Perché andò in crisi la mezzadria? – “La mezzadria andò in crisi perché lavorare nei settori industriali e artigianali, che richiedevano tanta manodopera, era più redditizio rispetto al settore agricolo. I giovani agricoltori che si dedicavano a qualche coltura arborea ed erbacea avevano dei lunghi periodi improduttivi, durante i quali non avevano una pronta disponibilità finanziaria”.
Come mai le cooperative nate nelle Marche non hanno avuto successo come in altre Regioni? – “Le cooperative agricole nelle Marche non hanno funzionato bene per vari motivi, tra cui l’assegnazione nepotista di posti di lavoro. Poi per scarsa organizzazione, competenze specifiche e vocazione all’imprenditorialità. I coltivatori del nord Italia erano disposti a fare sacrifici e attendere la vendita dei loro prodotti per spuntare ricavi migliori”.

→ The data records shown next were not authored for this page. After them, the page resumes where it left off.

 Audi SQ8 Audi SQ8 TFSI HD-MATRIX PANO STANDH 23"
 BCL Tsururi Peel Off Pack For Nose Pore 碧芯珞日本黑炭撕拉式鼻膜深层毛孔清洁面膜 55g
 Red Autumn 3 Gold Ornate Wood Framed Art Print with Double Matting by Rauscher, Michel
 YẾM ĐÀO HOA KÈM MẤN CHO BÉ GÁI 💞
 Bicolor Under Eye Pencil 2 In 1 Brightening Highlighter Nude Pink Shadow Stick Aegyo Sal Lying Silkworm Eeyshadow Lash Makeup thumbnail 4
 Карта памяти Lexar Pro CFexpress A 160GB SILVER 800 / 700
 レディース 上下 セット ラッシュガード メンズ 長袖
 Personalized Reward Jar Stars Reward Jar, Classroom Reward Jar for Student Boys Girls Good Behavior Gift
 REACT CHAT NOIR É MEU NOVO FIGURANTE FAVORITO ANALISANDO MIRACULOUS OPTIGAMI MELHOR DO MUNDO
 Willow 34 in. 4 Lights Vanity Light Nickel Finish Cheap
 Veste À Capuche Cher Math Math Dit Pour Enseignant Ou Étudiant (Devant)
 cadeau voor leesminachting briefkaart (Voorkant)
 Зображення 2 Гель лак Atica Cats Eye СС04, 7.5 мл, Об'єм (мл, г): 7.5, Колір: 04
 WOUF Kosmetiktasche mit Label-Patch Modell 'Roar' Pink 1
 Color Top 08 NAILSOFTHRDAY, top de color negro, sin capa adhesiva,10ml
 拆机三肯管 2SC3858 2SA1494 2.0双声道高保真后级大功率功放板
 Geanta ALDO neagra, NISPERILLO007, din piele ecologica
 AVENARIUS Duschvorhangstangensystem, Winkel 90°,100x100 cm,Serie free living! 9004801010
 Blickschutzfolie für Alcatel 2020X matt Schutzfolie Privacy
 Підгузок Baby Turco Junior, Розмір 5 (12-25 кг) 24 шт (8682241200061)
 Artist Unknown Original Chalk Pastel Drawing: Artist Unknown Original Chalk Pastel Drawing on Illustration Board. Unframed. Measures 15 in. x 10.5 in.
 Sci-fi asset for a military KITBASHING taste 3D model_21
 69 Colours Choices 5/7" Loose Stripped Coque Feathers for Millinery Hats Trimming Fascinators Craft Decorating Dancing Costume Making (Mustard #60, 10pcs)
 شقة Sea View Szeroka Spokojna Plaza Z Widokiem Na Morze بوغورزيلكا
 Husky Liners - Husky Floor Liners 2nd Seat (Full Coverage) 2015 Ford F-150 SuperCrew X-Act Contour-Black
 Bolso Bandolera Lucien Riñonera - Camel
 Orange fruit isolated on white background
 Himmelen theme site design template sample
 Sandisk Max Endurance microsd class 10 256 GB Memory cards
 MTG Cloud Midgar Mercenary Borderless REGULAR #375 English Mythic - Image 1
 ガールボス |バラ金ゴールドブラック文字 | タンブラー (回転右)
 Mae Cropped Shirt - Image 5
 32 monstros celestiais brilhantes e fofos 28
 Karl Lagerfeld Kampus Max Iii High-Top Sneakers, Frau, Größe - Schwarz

Altre problematiche complicate? – “Dopo la fine della mezzadria, alcune aziende agricole furono gestite dai contoterzisti che disponevano delle idonee attrezzature meccaniche. Costoro si sono dedicati a colture estensive che richiedevano meno manodopera, impoverendo e depauperando il suolo fertile. Non applicavano la rotazione agraria e ciò ha portato alla desertificazione della flora batterica nel suolo agrario. Nelle Marche c’è stato solo un parziale un ricambio generazionale; spesso gli agricoltori hanno svenduto i loro prodotti, senza aspettare con pazienza di ricavare prezzi migliori. Altra causa della crisi agricola regionale sono gli attacchi massicci sia animali che vegetali alle piante e, per scarsa preparazione, non è stato possibile intervenire tempestivamente. Due esempi di queste crisi improvvise e inaspettate sono le invasioni delle cavallette dei frutteti (Calliptamus italicus) nell’estate 2023 e della mosca asiatica (mosca orientale della frutta Bactrocera dorsalis) nella stagione calda successiva. Nonché i danni della siccità, causati da quelli che oggi chiamiamo cambiamenti climatici. Gli agricoltori avevano necessità di una maggiore assistenza tecnica divulgativa e informativa, ma dove ce n’era più bisogno, nelle zone disagiate di alta collina e montagna, venne a mancare, a partire dal 1995, per la chiusura di molti uffici agricoli periferici. Le varie crisi sono state aggravate anche dalle importazioni di prodotti a basso costo provenienti da nazioni dove era (ed è) ancora possibile usare alcuni antiparassitari, anticrittogamici e diserbanti proibiti in Italia, e anche dall’importazione di grano dai Paesi dell’est Europa. È necessario un maggiore e capillare controllo delle produzioni agricole che vengono importate da fuori dell’Unione Europea. Potrebbero passare prodotti agricoli non del tutto in regola dal punto di vista sanitario”.